4.1 - 3.2 Price, income and cross elasticities of demand Flashcards
What is elasticity?
A measure of how much buyers and sellers respond to changes in market conditions.
What is Price Elasticity Demand (PED)?
The percentage of change in quantity demanded given a percentage change in the price.
PED equation?
PED= Percentage change in Q/Percentage change in price
Percentage change equation?
(FV-IV/IV) x 100
Inelastic Demand?
The price increases and more is gained than lost in terms of quantity.
Elastic Demand?
The price increases and more is lost than gained in terms of quantity.
Unitary elastic PED?
PED = 1, quantity demanded changes by exactly the same percentage as price.
Relatively elastic PED?
PED>1, quantity demanded changes by a larger percentage than the price. Curve is sloped.
Relatively inelastic PED?
PED<1, quantity demanded changes by a smaller percentage than the price.
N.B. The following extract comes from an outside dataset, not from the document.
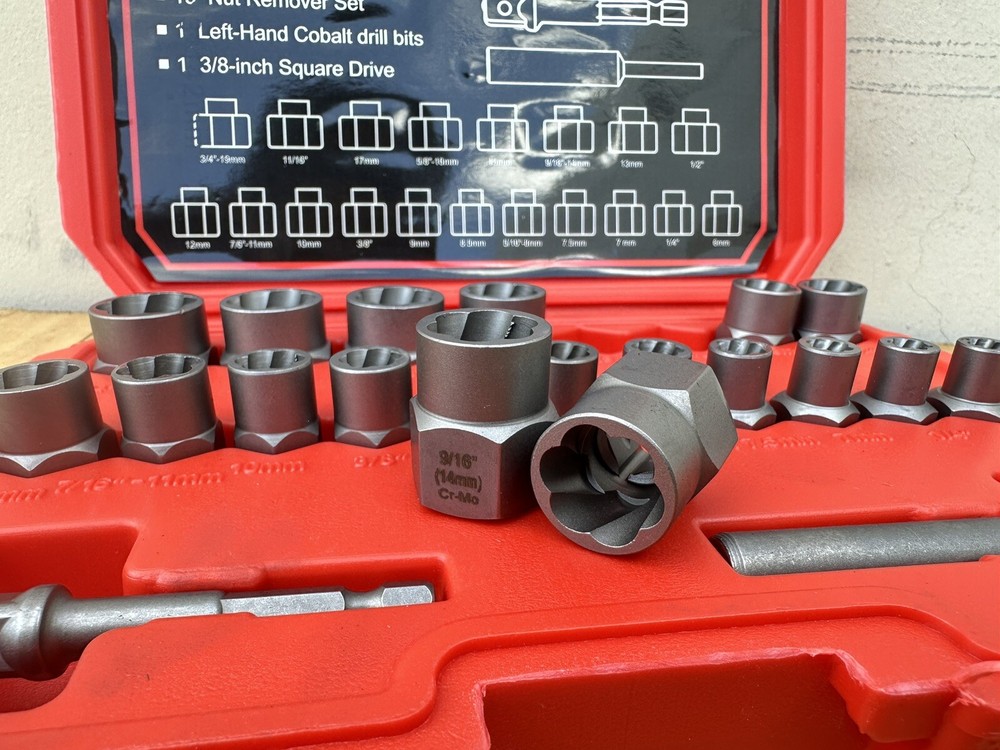 27pc 3/8” Dr. Impact Bolt Nut Extractor Twist Socket & Screw Removal Bits Tools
Curve is steep.
Income Elasticity of Demand (YED)?
Measures the relationship between a change in income and the resulting change in demand.
Luxury goods
Anything we want that isn’t essential to life.
Normal goods
Anything we need that is essential to life and bought by those with reasonable income.
Inferior goods
Anything that is made considerably cheaper for those with less income to buy.
Total Revenue equation
Total Revenue = price x quantity
Cross price elasticity of demand (XED)?
Looks at the impact a change in the price of one good has on the demand on another good.